Generally, support vector machine (SVM) and extreme learning machine (ELM) classifiers are suitable for use in classification case studies requiring high classification accuracy [12, 13]. Predictions can be made based on financial training data to determine whether trends will go up or down but not how much the rise or fall will be. However, SVM has the following disadvantages [12]: (1) the SVM algorithm is difficult to implement for large-scale training samples because quadratic programming is used to solve the support vector, which involves the calculation of an m-th order matrix. If the m number is large, a lot of memory and computing time will be consumed for storage and calculation of the matrix. (2) SVM also has difficulty solving multiclassification problems. The classical SVM algorithm can only handle two-class classification. However, for practical applications of data collection, it is generally necessary to solve multiclass classification problems. It is difficult to analyze little data. When there is little training data, the accuracy of the training results is very high but the accuracy of the actual prediction result is very low, and the accuracy of the secondary prediction will be different. ELM reduces the complexity behind feedforward networks by generating sparse, randomly connected hidden layers. It requires less computation time, but its actual performance depends on the different tasks and data [13]. Due to the aforementioned problems, in this paper, we propose using deep learning (the LSTM model) to improve the prediction results based on financial data. The model contains multilayer networks including the input layer, output layer, hidden layer, and countless neurons and nonlinear excitation functions. It is hoped that the accuracy of the prediction can be improved using this approach. Some deep learning research methods are introduced below.

Proportional conjugate gradient backpropagation is a network training function where weights and bias values are updated according to the proportional conjugate gradient method. It can train any network as long as its weight, net input, and transfer functions have derivative functions. Backpropagation is used to calculate derivatives of performance with respect to the weight and bias variables; see Møller [14] for a more detailed discussion of the scaled conjugate gradient algorithm. The long short-term memory method is a special RNN model originally proposed to solve the problem of gradient divergence encountered with the RNN model. In the traditional RNN, the training algorithm uses backpropagation through time (BPTT). When the time is long, the residuals that need to be returned will decrease exponentially, resulting in slow network weight update, which cannot reflect the long-term memory effect of RNN. Therefore, a storage unit is needed to store the memory. The LSTM model was proposed to alleviate this problem; for related theory, please refer to [11].

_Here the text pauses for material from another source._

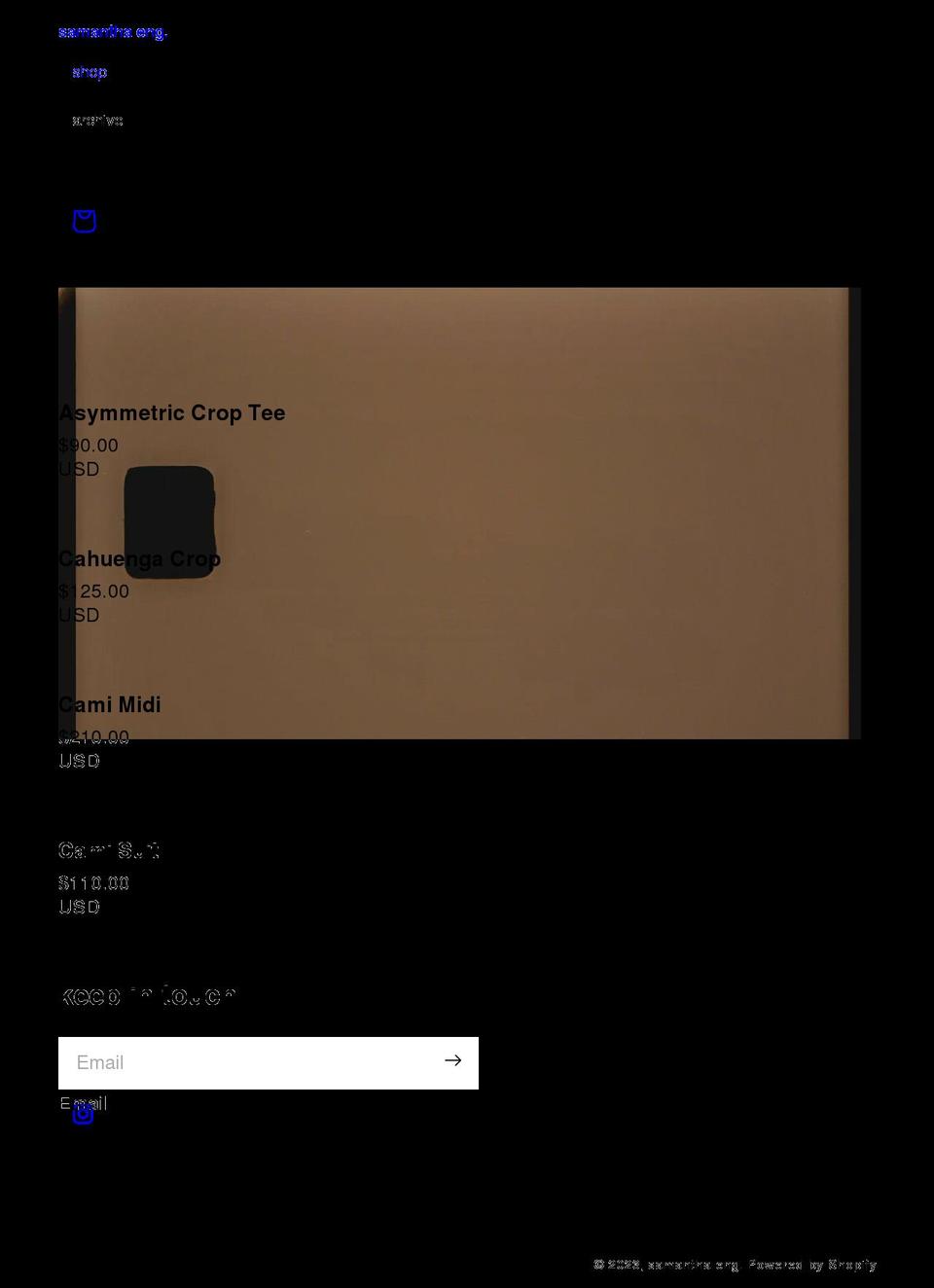 samantha-eng.com shopify website screenshot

In 1998, Huang proposed the Hilbert-Huang transformation, which has since received extensive attention from the academic community. This is an effective method for analyzing nonlinear, nonstationary time series, including the empirical modal decomposition method and Hilbert transform [15]. Zhang et al. [16] used the ensemble empirical mode decomposition (EEMD) method to study and analyze changes in and the characteristics of international crude oil prices, decomposing them into short-term fluctuations, medium-term fluctuations, and long-term trends. Wang et al. [17] studied the EMD-HW bagging method based on empirical mode decomposition, moving block bootstrap and Holt-Winter forecasting. Guhathakurta et al. [18] applied the EEMD method to analyze the relationship between the Indian stock market and the exchange rate and concluded that the impact models of the stock market and the exchange rate market are similar. Khalid et al. [19] found that the empirical mode decomposition method could replace the mean square error and the mean absolute error criterion of all other models for stock market returns and direction prediction. Islam et al. [20] applied the EMD method for the decomposition of data sequences, in comparison with the wavelet decomposition method, finding the EMD method to be more effective. Fang [21] applied the EEMD technique for analysis of the psychological state of investors in their study of the relationship between stock prices and investor psychology. Recently, an integrated approach using multiple models has been used for better performance in prediction problems [2230]. For example, it was found that wind speed can be more accurately predicted by combining EMD and different prediction techniques [24]. Liu et al. proposed a neural-network-based EMD hybrid wind speed predictor, in which each IMFS/residue component is trained using the appropriate backpropagation techniques [26]. In Ren et al. [27], a combination of support vector regression (SVR) and EMD was used for accurate wind energy prediction. All the above studies show that the application of EMD technology for wind speed prediction improves the overall accuracy and prediction ability of conventional methods.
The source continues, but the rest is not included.